SOURCE RECORDS
>>>>>

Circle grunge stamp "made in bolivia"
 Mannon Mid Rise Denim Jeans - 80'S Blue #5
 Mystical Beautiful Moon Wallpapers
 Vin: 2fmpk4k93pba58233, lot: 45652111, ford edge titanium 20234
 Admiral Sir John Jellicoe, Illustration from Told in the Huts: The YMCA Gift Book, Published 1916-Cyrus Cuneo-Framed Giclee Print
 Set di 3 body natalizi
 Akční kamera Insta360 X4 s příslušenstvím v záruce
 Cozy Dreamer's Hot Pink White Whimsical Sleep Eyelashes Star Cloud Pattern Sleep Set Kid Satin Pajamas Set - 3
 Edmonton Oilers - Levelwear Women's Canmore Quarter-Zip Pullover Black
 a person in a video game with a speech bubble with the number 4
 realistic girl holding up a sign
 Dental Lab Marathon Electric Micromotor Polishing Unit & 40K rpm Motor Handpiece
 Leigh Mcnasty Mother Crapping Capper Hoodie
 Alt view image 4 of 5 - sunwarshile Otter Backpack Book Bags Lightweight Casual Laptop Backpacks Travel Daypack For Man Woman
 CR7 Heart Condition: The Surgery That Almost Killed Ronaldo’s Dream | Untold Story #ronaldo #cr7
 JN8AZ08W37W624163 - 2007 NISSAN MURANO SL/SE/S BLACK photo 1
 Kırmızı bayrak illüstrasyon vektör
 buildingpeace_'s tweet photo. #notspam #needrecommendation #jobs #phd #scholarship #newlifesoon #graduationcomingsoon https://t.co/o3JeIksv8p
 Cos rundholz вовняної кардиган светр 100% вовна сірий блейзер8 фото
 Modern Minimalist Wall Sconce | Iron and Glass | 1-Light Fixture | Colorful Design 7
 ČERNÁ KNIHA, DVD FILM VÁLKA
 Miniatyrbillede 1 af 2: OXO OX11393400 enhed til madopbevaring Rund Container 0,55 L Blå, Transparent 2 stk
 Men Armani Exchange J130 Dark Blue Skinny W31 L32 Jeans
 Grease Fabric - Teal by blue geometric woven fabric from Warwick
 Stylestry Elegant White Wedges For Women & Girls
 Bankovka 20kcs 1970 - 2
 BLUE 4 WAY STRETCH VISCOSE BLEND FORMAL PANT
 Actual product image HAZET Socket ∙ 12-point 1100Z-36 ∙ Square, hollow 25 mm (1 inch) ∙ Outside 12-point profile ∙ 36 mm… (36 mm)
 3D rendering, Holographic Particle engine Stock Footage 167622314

<<<<<

WHAT THE TASK REQUIRES
Would you write out the data exactly as it reads?

WRITTEN SOLUTION
Circle grunge stamp "made in bolivia"
 Mannon Mid Rise Denim Jeans - 80'S Blue #5
 Mystical Beautiful Moon Wallpapers
 Vin: 2fmpk4k93pba58233, lot: 45652111, ford edge titanium 20234
 Admiral Sir John Jellicoe, Illustration from Told in the Huts: The YMCA Gift Book, Published 1916-Cyrus Cuneo-Framed Giclee Print
 Set di 3 body natalizi
 Akční kamera Insta360 X4 s příslušenstvím v záruce
 Cozy Dreamer's Hot Pink White Whimsical Sleep Eyelashes Star Cloud Pattern Sleep Set Kid Satin Pajamas Set - 3
 Edmonton Oilers - Levelwear Women's Canmore Quarter-Zip Pullover Black
 a person in a video game with a speech bubble with the number 4
 realistic girl holding up a sign
 Dental Lab Marathon Electric Micromotor Polishing Unit & 40K rpm Motor Handpiece
 Leigh Mcnasty Mother Crapping Capper Hoodie
 Alt view image 4 of 5 - sunwarshile Otter Backpack Book Bags Lightweight Casual Laptop Backpacks Travel Daypack For Man Woman
 CR7 Heart Condition: The Surgery That Almost Killed Ronaldo’s Dream | Untold Story #ronaldo #cr7
 JN8AZ08W37W624163 - 2007 NISSAN MURANO SL/SE/S BLACK photo 1
 Kırmızı bayrak illüstrasyon vektör
 buildingpeace_'s tweet photo. #notspam #needrecommendation #jobs #phd #scholarship #newlifesoon #graduationcomingsoon https://t.co/o3JeIksv8p
 Cos rundholz вовняної кардиган светр 100% вовна сірий блейзер8 фото
 Modern Minimalist Wall Sconce | Iron and Glass | 1-Light Fixture | Colorful Design 7
 ČERNÁ KNIHA, DVD FILM VÁLKA
 Miniatyrbillede 1 af 2: OXO OX11393400 enhed til madopbevaring Rund Container 0,55 L Blå, Transparent 2 stk
 Men Armani Exchange J130 Dark Blue Skinny W31 L32 Jeans
 Grease Fabric - Teal by blue geometric woven fabric from Warwick
 Stylestry Elegant White Wedges For Women & Girls
 Bankovka 20kcs 1970 - 2
 BLUE 4 WAY STRETCH VISCOSE BLEND FORMAL PANT
 Actual product image HAZET Socket ∙ 12-point 1100Z-36 ∙ Square, hollow 25 mm (1 inch) ∙ Outside 12-point profile ∙ 36 mm… (36 mm)
 3D rendering, Holographic Particle engine Stock Footage 167622314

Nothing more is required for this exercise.